La inteligencia artificial como tecnología política
La autora insiste en que la IA es un producto político: responde a intereses, prioridades y visiones del mundo concretas. Los algoritmos no son neutrales, y su creciente uso en ámbitos como la seguridad, la justicia, la salud o la gestión social plantea preguntas fundamentales sobre la responsabilidad, la transparencia y la soberanía. ¿Quién decide los criterios? ¿Quién controla los sistemas? ¿Quién responde cuando una decisión automatizada produce daño?
Infraestructuras privadas y debilitamiento del interés público
Otro eje central del libro es la noción de soberanía digital. Mhalla muestra cómo los Estados han perdido, en gran medida, el control sobre las infraestructuras críticas de la vida digital, que hoy están en manos de un puñado de actores privados transnacionales.
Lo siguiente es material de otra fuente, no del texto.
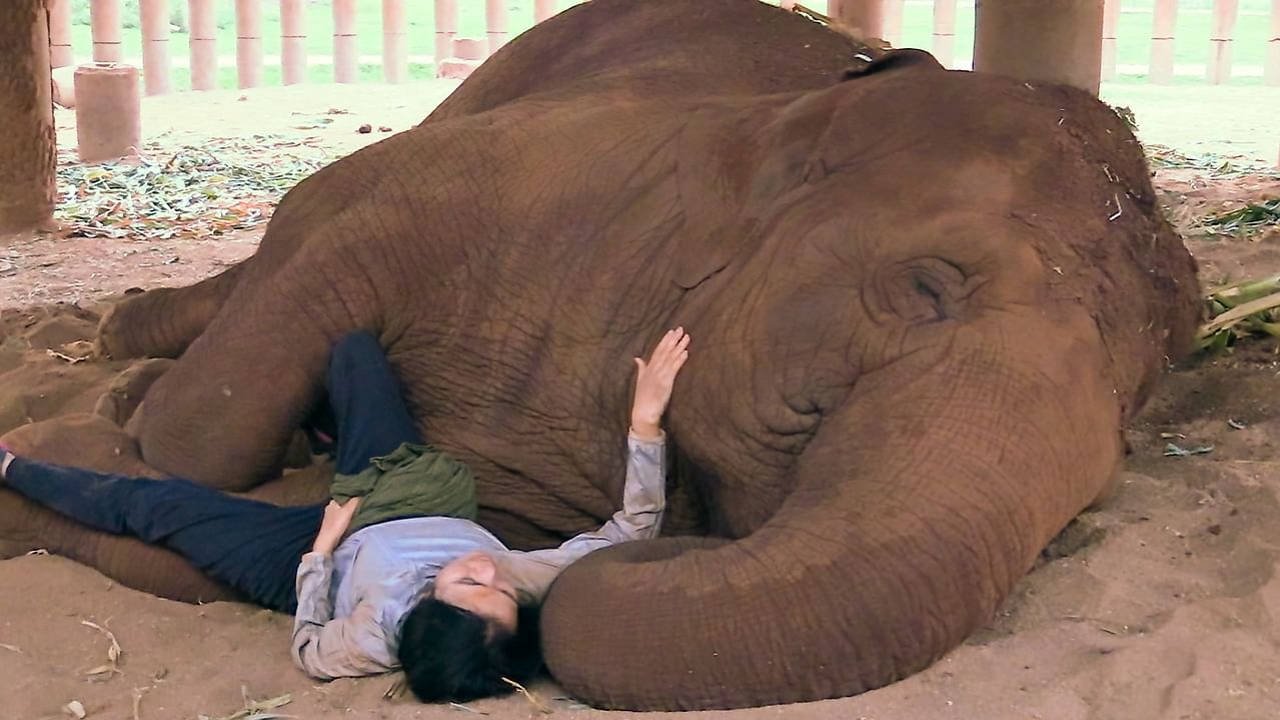 La femme qui murmurait à l'oreille des éléphants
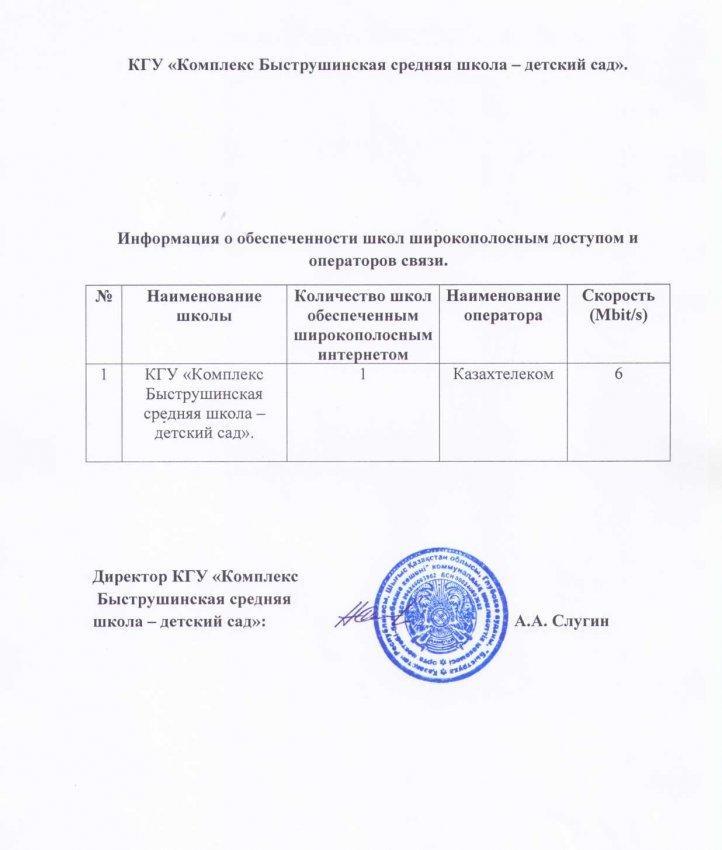 Уровень обеспеченности школы широкополосным интернетом, операторы связи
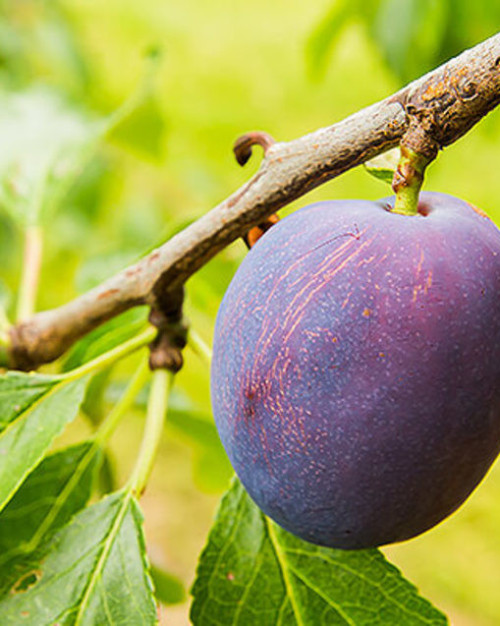 PRUNE PRÉSIDENTE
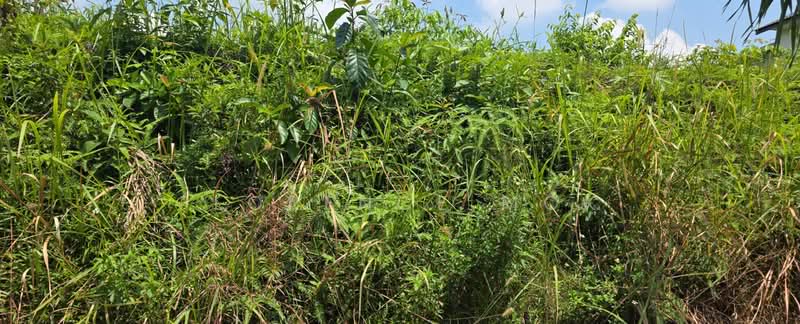 Bungalow Land for Sale in Taman Gembira (Jalan Klang Lama (Old Klang Road)) - Florence Mok - PropertyGuru.com.my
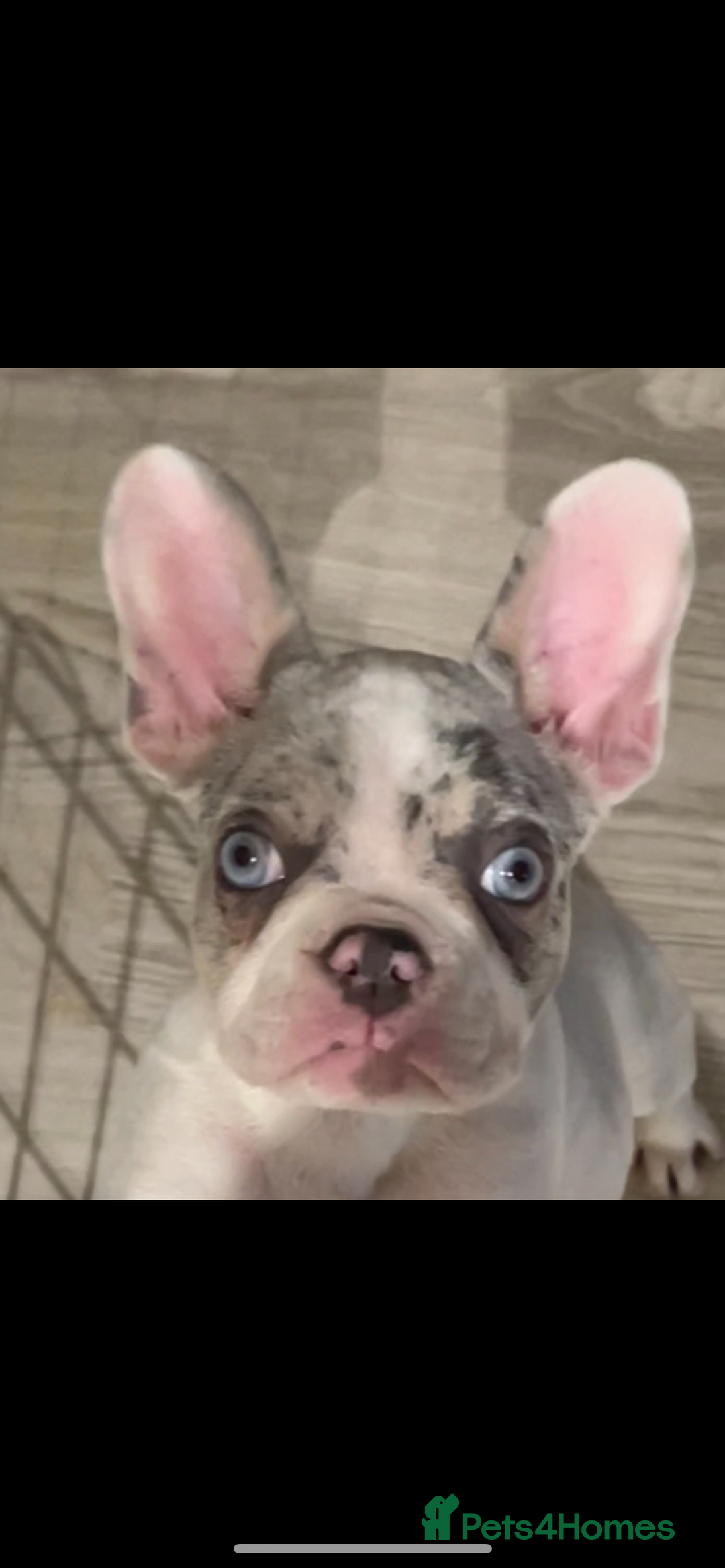 French Bulldog dogs for sale: 3 French bulldog puppies - Advert 6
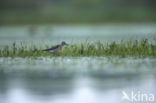 Wood Sandpiper (Tringa glareola)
Esta dependencia tecnológica limita la capacidad de los gobiernos para regular, proteger derechos y garantizar el interés público. Al mismo tiempo, algunos regímenes autoritarios han sabido explotar estas tecnologías para perfeccionar sus mecanismos de vigilancia y represión, dando lugar a modelos de “autoritarismo digital” que luego se exportan y normalizan.
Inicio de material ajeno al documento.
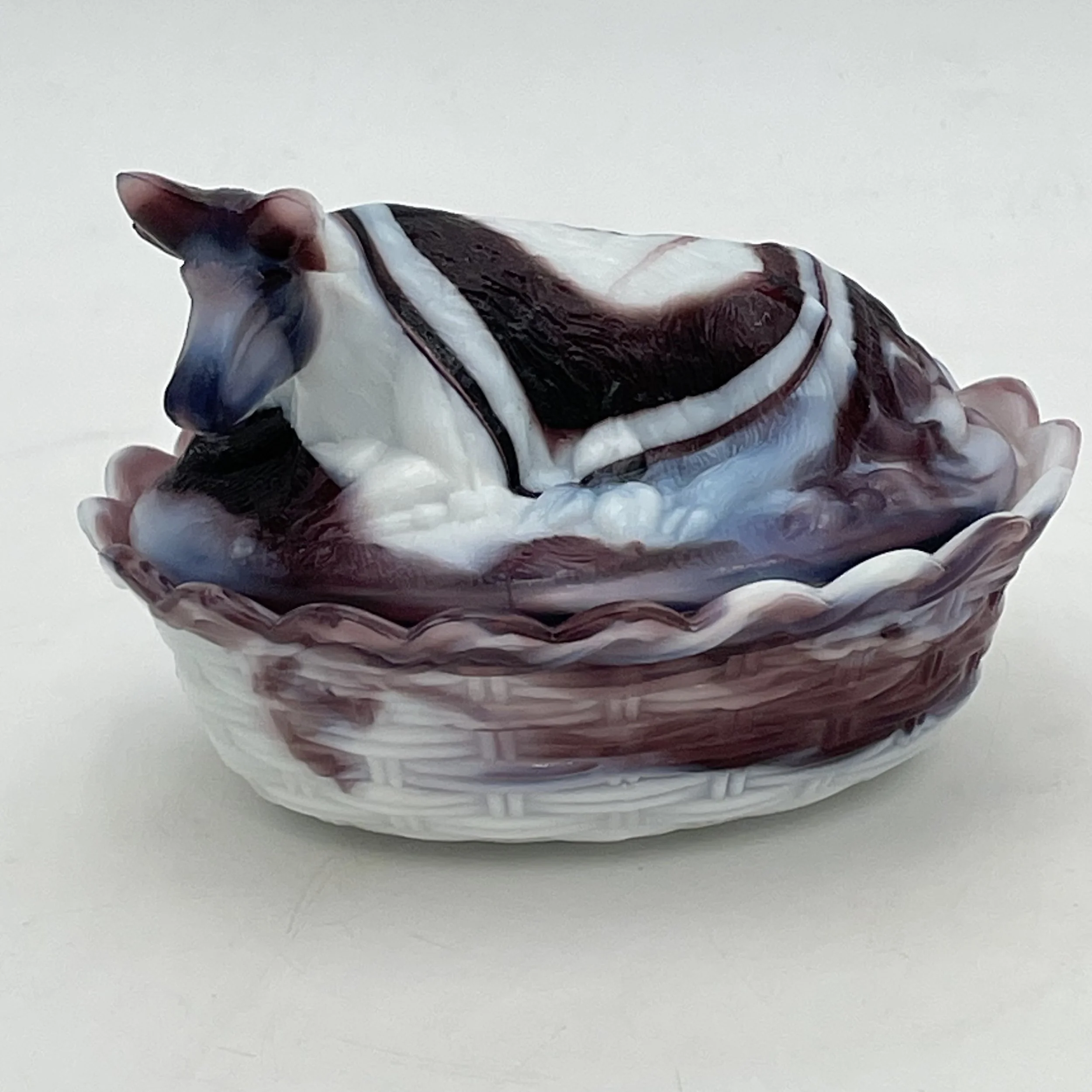 Photo Mar 16 2026, 12 28 52 PM.jpg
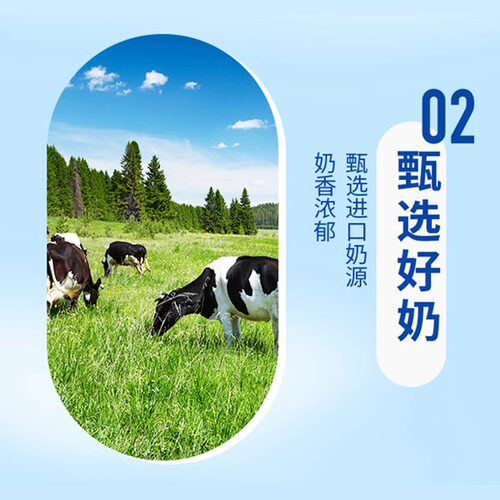统一阿萨姆奶茶经典原味500ml多口味网红奶茶饮品饮料奶茶批发 - 图3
Las dinámicas que configuran el nuevo sistema totalitario
Asma Mhalla no presenta un “manual” explícito numerado, pero a lo largo del libro identifica y describe un conjunto de acciones, dinámicas o mecanismos que, en conjunto, configuran ese nuevo sistema totalitario de base tecnológica. Sintetizando su argumento, estas son las 13 acciones clave que el libro pone en evidencia:
- Captura masiva de datos personales
La recolección constante de datos (comportamiento, ubicación, preferencias, emociones) se convierte en la materia prima central del poder político y económico. - Normalización de la vigilancia permanente
La vigilancia deja de ser excepcional y se vuelve cotidiana, aceptada e incluso deseada en nombre de la seguridad, la eficiencia o la comodidad. - Delegación de decisiones a algoritmos
Decisiones que antes eran humanas (priorización, clasificación, evaluación de riesgos) se trasladan a sistemas automatizados opacos. - Fusión entre Estado y grandes plataformas tecnológicas
Gobiernos y Big Tech cooperan estrechamente, diluyendo la separación entre poder público y poder privado. - Externalización del poder soberano
Infraestructuras críticas (nube, datos, IA, comunicaciones) quedan en manos de empresas transnacionales, debilitando la soberanía estatal. - Gobernanza por la predicción
El poder ya no solo reacciona: anticipa comportamientos mediante modelos predictivos para prevenir, corregir o reprimir antes de que ocurra el “problema”. - Control conductual indirecto
No se prohíbe: se orienta, se empuja, se optimiza la conducta a través de interfaces, rankings, incentivos y penalizaciones invisibles. - Conversión del ciudadano en usuario
El sujeto político se redefine como usuario-consumidor, con derechos contractuales (términos y condiciones) en lugar de derechos políticos plenos. - Opacidad tecnológica estructural
Los sistemas que gobiernan la vida social son incomprensibles para la mayoría, lo que impide el control democrático efectivo. - Legitimación del control en nombre de la crisis
Emergencias sanitarias, terroristas, climáticas o geopolíticas justifican la expansión acelerada de tecnologías de control. - Exportación del autoritarismo digital
Modelos tecnológicos de control desarrollados por regímenes autoritarios se venden y replican globalmente, incluso en democracias. - Despolitización del debate tecnológico
La tecnología se presenta como neutral, inevitable o técnica, ocultando que siempre implica decisiones ideológicas y políticas. - Producción de consentimiento voluntario
El sistema funciona porque los individuos participan activamente en él, entregando datos y aceptando reglas a cambio de servicios y confort.